Title:Effects of Cycloastragenol on Alzheimer's Disease in Rats by Reducing
Oxidative Stress, Inflammation, and Apoptosis
Volume: 21
Issue: 2
Author(s): Kadi M. Alharbi, Shahad A. Alshehri, Wasayf A. Almarwani, Khulud K. Aljohani, Ajwan Z. Albalawi, Areej S. Alatawi, Shekha M. Al-Atwi, Lama S. Alhwyty, Hanan M. Hassan and Mohammed M.H. Al-Gayyar*
Affiliation:
- Department of Biochemistry, Faculty of Pharmacy, Mansoura University, Mansoura, 35516, Egypt
- Department of Pharmaceutical Chemistry, Faculty of Pharmacy, University of Tabuk, Tabuk, 71491, Saudi Arabia
Keywords:
Acetylcholinesterase (AchE), Alzheimer’s disease (AD), B-cell lymphoma 2 (BCL2), Bcl-2-associated x protein (BAX), Caspase-3, heme oxygenase-1 (HO-1), Nuclear factor erythroid 2-related factor 2 (Nrf2), Nuclear factor κB (NFκB), Tumor necrosis factor-α (TNF-α).
Abstract:
Background: As individuals age, they may develop Alzheimer's disease (AD), which is
characterized by difficulties in speech, memory loss, and other issues related to neural function.
Cycloastragenol is an active ingredient of Astragalus trojanus and has been used to treat inflammation,
aging, heart disease, and cancer.
Objectives: This study aimed to explore the potential therapeutic benefits of cycloastragenol in
rats with experimentally induced AD. Moreover, the underlying molecular mechanisms were also
evaluated by measuring Nrf2 and HO-1, which are involved in oxidative stress, NFκB and TNF-α,
which are involved in inflammation, and BCL2, BAX, and caspase-3, which are involved in apoptosis.
Methods: Sprague-Dawley rats were given 70 mg/kg of aluminum chloride intraperitoneally daily
for six weeks to induce AD. Following AD induction, the rats were given 25 mg/kg of cycloastragenol
daily by oral gavage for three weeks. Hippocampal sections were stained with hematoxylin/
eosin and with anti-caspase-3 antibodies. The Nrf2, HO-1, NFκB, TNF-α, BCL2, BAX,
and caspase-3 gene expressions and protein levels in the samples were analyzed.

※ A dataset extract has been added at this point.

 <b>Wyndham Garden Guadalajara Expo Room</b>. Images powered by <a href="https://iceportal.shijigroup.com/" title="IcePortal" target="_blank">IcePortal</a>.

Results: Cycloastragenol significantly improved rats' behavioral test performance. It also
strengthened the organization of the hippocampus. Cycloastragenol significantly improved behavioral
performance and improved hippocampal structure in rats. It caused a marked decrease in
the expression of NFκB, TNF-α, BAX, and caspase-3, which was associated with an increase in
the expression of BCL2, Nrf2, and HO-1.
Conclusion: Cycloastragenol improved the structure of the hippocampus in rats with AD. It enhanced
the outcomes of behavioral tests, decreased the concentration of AChE in the brain, and exerted
antioxidant and anti-inflammatory effects. Antiapoptotic effects were also noted, leading to
significant improvements in cognitive function, memory, and behavior in treated rats.